Se falta substância ao filme de Fargeat, sobram referências a Cronenberg e um apelo à estética gore, pontuado por planos detalhe que poderiam ter sido retirados da famosa abertura da série Dexter (em que seu uso fazia mais sentido narrativo). Por fim, estamos diante de uma obra que parece culpabilizar as mulheres pela manutenção de sua objetificação, assim como Barbie cria personagens femininas dispostas a se entregaram ao machismo imediatamente e sem qualquer oposição quando ele se apresenta pela primeira vez como alternativa. Não importa o tom de farsa, especialmente quando se trata de um tema premente da pauta contemporânea: é sempre possível criar, em qualquer universo ou sob a égide de qualquer gênero, mulheres minimamente tridimensionais.

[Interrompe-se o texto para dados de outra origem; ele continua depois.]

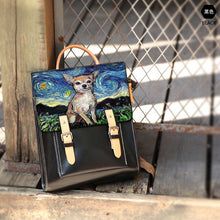 Load image into Gallery viewer, Real leather Backpack bag handmake art Painted Van Gogh Star DOG 2020 NEW  Man Women's backpack bag MAN Genuine leather backpack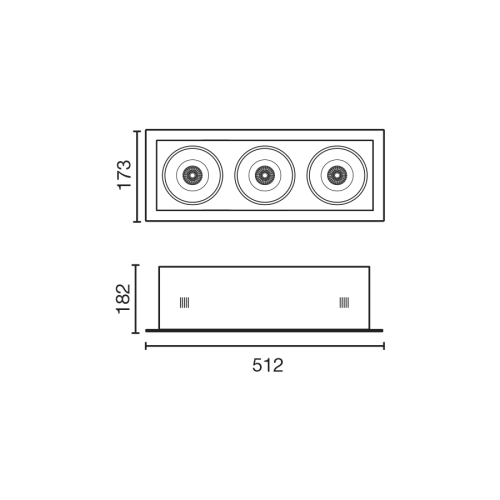 Встраиваемый светильник Colin-3 серый LED FOOD 72-108W MEAT 56°
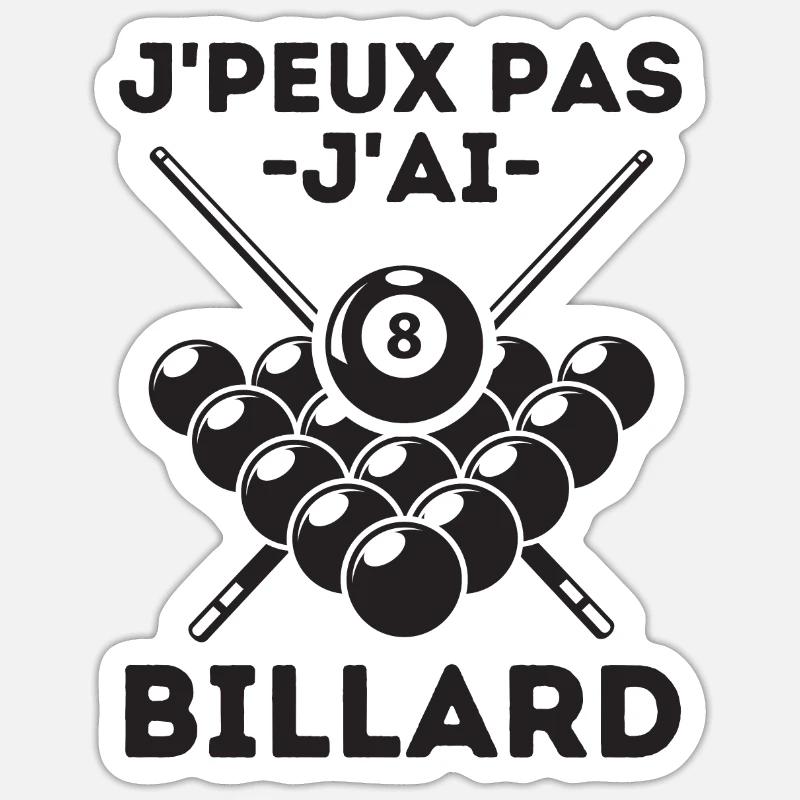 Billard 2 - Sticker taille S (10 x 10 cm) - blanc mat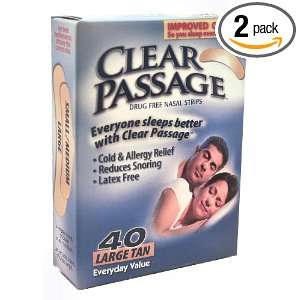 Clear passage Drug Free Tan Large Nasal Strips, 40 Count Boxes (Pack 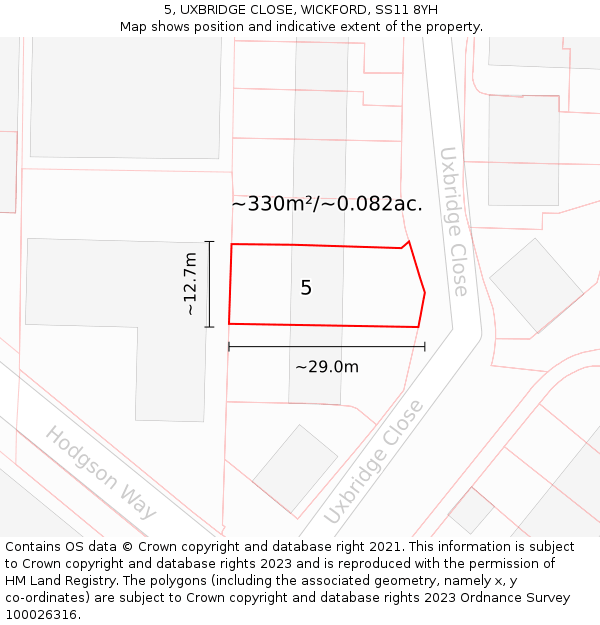 5, UXBRIDGE CLOSE, WICKFORD, SS11 8YH: Plot and title map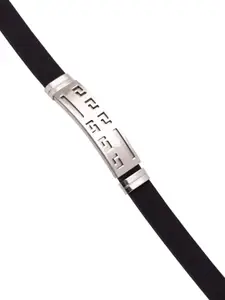 Dare by Voylla Men Silver-Toned & Black Silver-Plated Link Bracelet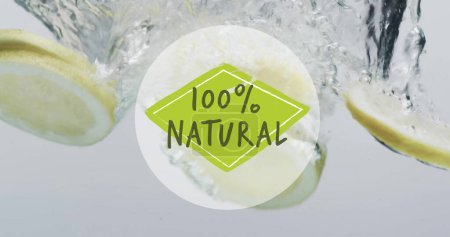 Photo for Composite of 100 percent natural text over fresh fruit in water with copy space. Organic food, fresh fruit and vegetables and vegan concept digitally generated image. - Royalty Free Image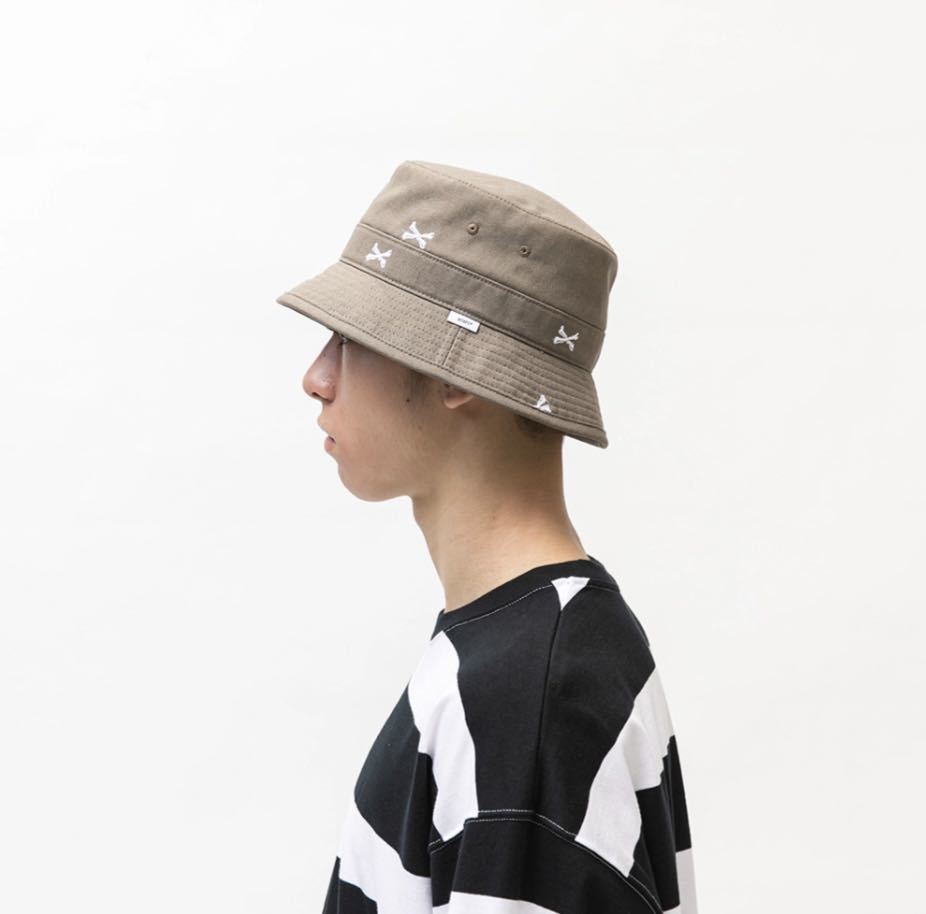 WTAPS 2022SS BUCKET 02 HAT GREIGE Lサイズ ダブルタップス バケット ハット Tシャツ グレージュ LARGE CROSS BONE クロスボーン バケハ_画像7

Poucas semanas atrás, o Talibã decretou que as mulheres afegãs não deveriam falar em voz alta em público, já que “a voz de uma mulher é algo muito íntimo”. É interessante notar que, num filme em que têm seus corpos tão expostos, as mulheres falam tão economicamente, à exceção dos momentos em que precisam explicar em voz alta suas intenções, sublinhando o óbvio (também reforçado por uma estranha voz acusmática masculina, que surge em pontos-chave para explicar a trama, como se o espectador fosse incapaz de conectar os pontos). No fim das contas, num filme escrito e dirigido por uma mulher, é esta voz masculina, desconhecida e misteriosa, esta voz de poder, que serve de guia. Ela é a única substância possível numa trama em que as mulheres são reduzidas a corpos amordaçados que, em liberdade e reiteradamente, recusam seu papel de sujeito, sendo convertidas à posição que anseiam: a de objetos mudos. Se Fargeat de fato pretendia criticar o patriarcado, ela terminou por reproduzi-lo ao criar seu duplo, este mais eficiente que o original: mais belo, mais forte, mais potente, mais adaptado ao mundo de hoje.